According to the Alzheimer’s Association, the number of Americans living with Alzheimer’s is 5.8 million and that number is expected to reach 14 million by 2050. Currently 1 out of 3 seniors die with dementia or Alzheimer’s and it is the 6thleading cause of death in the U.S. In 2019, the estimated cost of treating Alzheimer’s and other dementia is around $290 billion. By 2050 that number is expected to reach nearly 1.1 trillion. Equally staggering is the number of hours that caregivers provide. In 2019 the estimate is that 18.5 billion hours of care will be provided for Alzheimer’s and dementia patients with a total cost of close to $234 billion!
Cannabis has demonstrated effectiveness in treating Alzheimer’s and dementia. In 2014, U.S. researchers published data revealing that small amounts of delta-9 THC were effective in reducing the excessive brain proteins that are a hallmark of Alzheimer’s. In Israel cannabis is routinely used to treat dementia. Israeli clinicians note that cannabis not only treats the dementia but also other symptoms of the disease such as loss of appetite and chronic pain.
In the U.S., as is well known, federal regulations have impaired research and legal access to cannabis. But in those states with legal, medical cannabis there are emerging stories of success with treating dementia with cannabis. The following case study from cannabis clinician Eloise Theisen, RN, MSN, AGPCNP-BC, is a remarkable story that demonstrates not only the potential of cannabis treatment for dementia but also the importance of a dedicated cannabis healthcare practitioner in treating serious ailments with cannabis products. This case also demonstrates how effective Mary’s transdermal patch can be in providing long-term coverage and is the second case study from Theisen to highlight the effective use of transdermal patches “in the field.”
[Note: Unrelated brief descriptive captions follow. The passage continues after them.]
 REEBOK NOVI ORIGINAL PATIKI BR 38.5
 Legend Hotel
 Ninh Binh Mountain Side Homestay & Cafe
This case presentation involves an 83-year-old male with vascular dementia living at home with his wife who is the primary caregiver. They also have a caregiver come in for 4 hours a day, providing some respite for the family. The patient becomes more verbally aggressive and anxious when caregivers are present. The wife and daughter wanted to keep the patient home and manage his symptoms without pharmaceuticals if possible. They were very interested in cannabis as a possible treatment.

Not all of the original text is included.